Après nous avoir chaleureusement accueilli, il s’absente en nous expliquant qu’il lui reste doit retourner à ses occupations pour le moment. Nous retournons brièvement dans la chambre pour nous changer et mette nos maillots de bain dans le but de faire une balade pour faire voler le drone de Tara et pourquoi pas nous baigner.
Nous sortons sur l’arrière du domaine avec le but d’atteindre un Point of View que nous voyons sur la carte. En remontant la colline entre les oliviers, nous croisons Tommy par hasard qui déambule entre ses arbres, vérifiant la qualité des fruits. Nous lui expliquons que nous partons pour une petite promenade.
Enthousiaste, il nous emmène alors jusqu’à une grille fermée avec un gros cadenas. La clé est cachée sous un caillou juste à côté de la porte. Il nous demande de bien vouloir la refermer en revenant car sinon des animaux risquent d’entrer sur le domaine et de grignoter son raisin.
Nous marchons un peu puis tombons sur un cul de sac. On a évidemment pris la mauvaise direction (my bad). Nous faisons demi-tour et arrivons dans un petit coin sympa, parfait pour faire voler le drone, que nous téléguidons à tour de rôle.

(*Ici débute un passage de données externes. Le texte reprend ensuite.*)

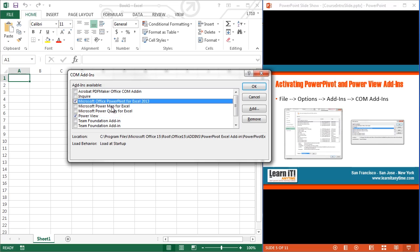Now, you'll notice that I've got the Power Map and Power Query. I could turn those on right here, but before I have access to those, and I actually did this prior, I had to install them. I had to download a little install from the Microsoft website, install them on my system, which then gives me access to them here. So our next video is going to walk you through the steps of downloading these Power Map and Power Query from the Microsoft website, and then we'll jump into here, and you can turn them on or you can turn them off.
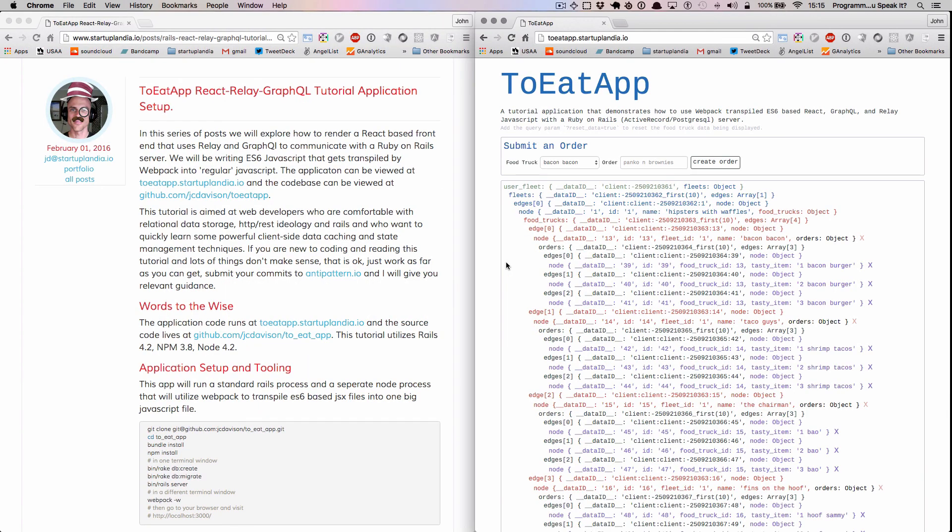To close off this section, it's a brief overview of how Webpack and Babel can be used to transpile JavaScript in the context of a Ruby on Rails server. I'm John Davison, a for-hire software developer in San Francisco. If you have questions, please view the source code or email me jd at startuplandia.io.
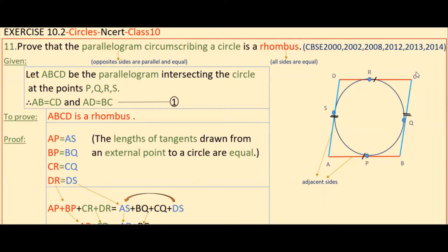Here A, B, C, D are external points for this circle. So AP and AS are tangents from external point A to the circle, with P and S as the points of contact. We know that the lengths of tangents from an external point are equal.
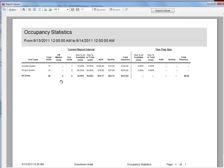Off-market units are the units that aren't available for rent on the booking tool or on the main open book grid due to maintenance.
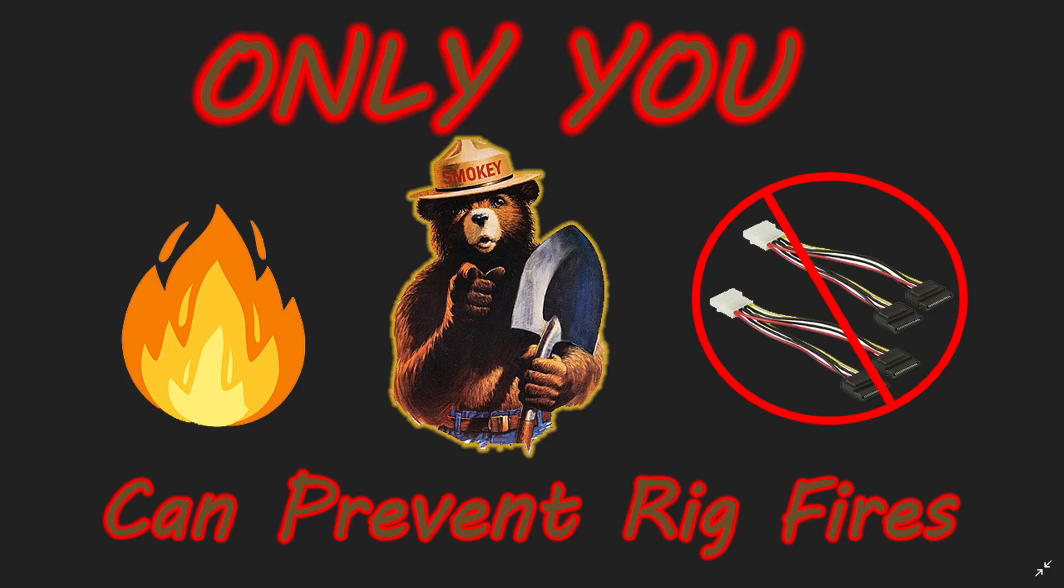All right guys, welcome back to the Anonymous Minor channel. Today we're going to go over why I believe efficiency is king, or why efficiency is the most important thing you should be paying attention to when buying stuff for your home farm or even a large-scale farm. If you think differently, I'd like you to try and change my mind in the comments below.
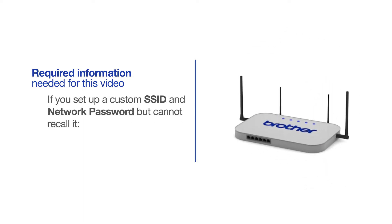If you've set up a custom SSID and network password and cannot recall this information, please contact your router manufacturer. Setup cannot be accomplished without this information.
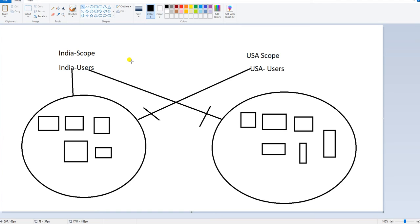It's like a boundary creation or limitation. When you are part of one scope and that device has a particular scope name, it will be managed by its administrator or users based on permission. Similarly, for the USA scope: if any device is tagged under the USA scope and USA users are tagged in that scope, the USA device can be managed by the USA users. It's very simple — if a device belongs to India scope, it can be managed by India users.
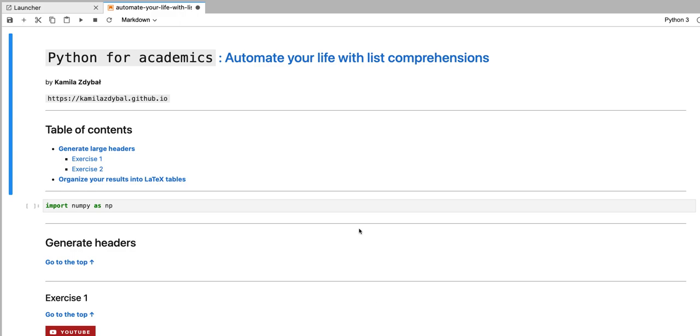Hello, welcome to Python for Academics. In this video, we're going to solve another exercise in using list comprehensions to generate a LaTeX table.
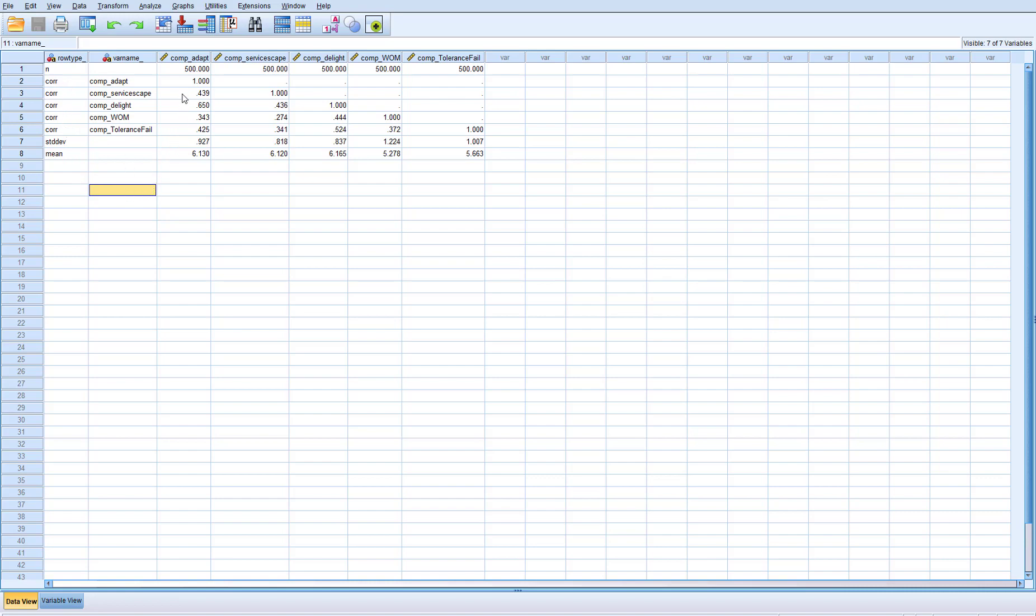For each one of those going down the diagonals of one, we're denoting correlation, and you can see on the last rows I've got the standard deviation and the means for each one of our constructs. I've also got the sample size I need to put in at the top.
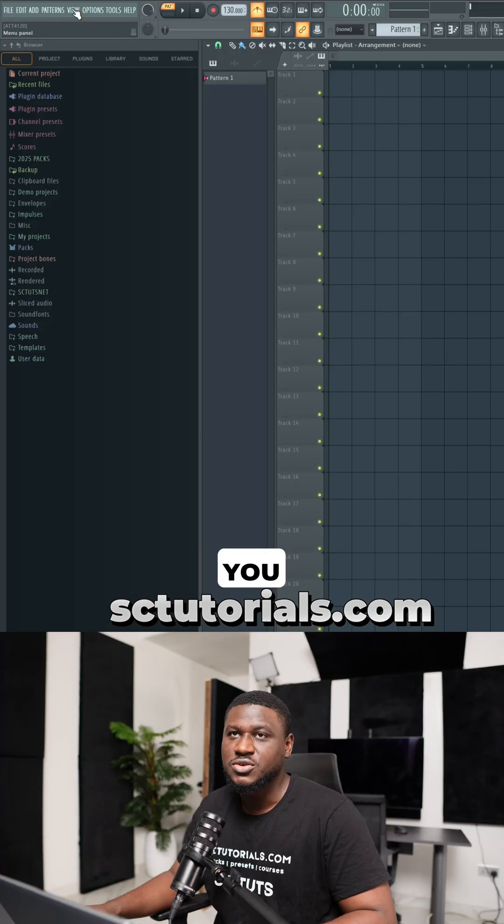So you just installed FL Studio. Let me show you some settings that you need to tweak to get the best out of FL Studio.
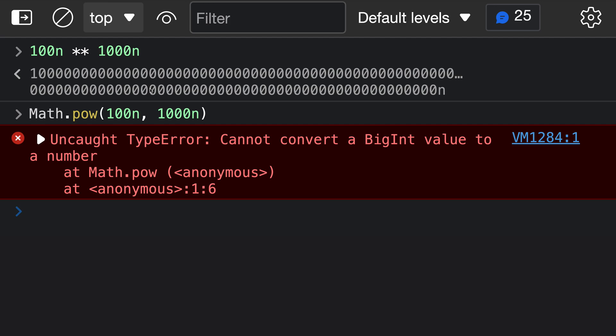So that's the exponentiation operator in JavaScript. For basic uses, it can be a great way to clean up your equations, and for more advanced uses, you can also use it for working with big integer values.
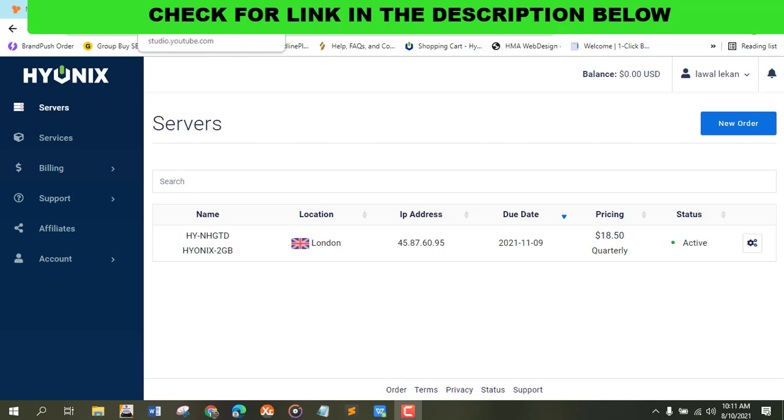Hi guys, in this video I want to show you cheap and the best VPS websites. This is one of the best ways to stay online on Fiverr.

Fruits de mer et ligue des champions
Après nous être rafraîchis, nous entreprenons de descendre la colline à pied pour rejoindre Monterosso et trouver un restaurant dans lequel manger. Le chemin que nous empruntons s’apparente un peu aux passages magiques que l’on trouve dans les films Ghibli. C’est très calme, tamisé. Nous passons par dessus un petit pont. Les arbres et buissons donnent une couleur verte vive à tout ce qui nous entoure. Un peu plus loin, au milieu de nulle part, une grande fontaine ronde surplombe un petit jardin dans lequel on ne trouve rien d’autre qu’un joli petit banc.

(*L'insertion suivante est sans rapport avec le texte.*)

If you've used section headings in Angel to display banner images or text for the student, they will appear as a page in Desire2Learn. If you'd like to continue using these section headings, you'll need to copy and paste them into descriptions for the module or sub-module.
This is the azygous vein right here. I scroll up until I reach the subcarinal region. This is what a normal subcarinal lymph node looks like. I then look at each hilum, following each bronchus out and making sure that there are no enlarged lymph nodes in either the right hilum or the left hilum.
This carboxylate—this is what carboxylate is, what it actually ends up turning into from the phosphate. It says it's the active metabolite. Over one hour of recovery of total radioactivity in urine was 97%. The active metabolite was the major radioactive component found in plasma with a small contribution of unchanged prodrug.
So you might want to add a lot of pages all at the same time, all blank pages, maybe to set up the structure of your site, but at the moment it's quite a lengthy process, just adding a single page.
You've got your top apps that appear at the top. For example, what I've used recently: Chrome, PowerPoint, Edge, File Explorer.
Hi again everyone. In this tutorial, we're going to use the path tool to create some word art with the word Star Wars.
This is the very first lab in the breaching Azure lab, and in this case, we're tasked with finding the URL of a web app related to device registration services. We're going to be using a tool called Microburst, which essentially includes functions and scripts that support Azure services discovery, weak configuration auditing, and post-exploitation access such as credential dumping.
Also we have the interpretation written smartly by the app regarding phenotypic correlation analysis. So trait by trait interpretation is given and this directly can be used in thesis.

Ce soir, nous mangeons au Ciak, dont les fruits de mer nous ont été recommandés par Tommy. Venant de la part d’un ancien marin, c’est probablement une valeur sûre !
Nous commandons. À la table à côté, un couple a posé un smartphone sur le côté de leur table afin de suivre la finale de la Ligue des Champions.
Les gens sont tous beaux et bien habillés. L’ambiance est joyeuse, positive, vacancière. Mes spaghettis arrivent dans une grande casserole dans laquelle ils continuent de cuire. Je trouve très bon. Tara, elle, prend de l’espadon.
Pour conclure la soirée, on se prend une petite glace dans la gelatteria juste en face du restaurant et nous promenons dans les ruelles du centre historique de Monterosso. En passant, nous repérons un petit restaurant dont les tables sont dans une petite ruelle pittoresque.
En arrivant dans un cul-de-sac au hasard, une petite vieille bizarre sortant de chez elle pour promener est surprise de nous voir et semble méfiante. Nous faisons machine arrière et regagnons la rue principale, animée de musique.
On se met sur le chemin du retour et assistons à un petit concert improvisé sur le bord de la jetée. Nous nous arrêtons quelques minutes avant de remonter à l’agriturismo dans le noir, avec la peur de se faire attaquer par un chien que l’on entendait aboyer pas si loin que ça de nous.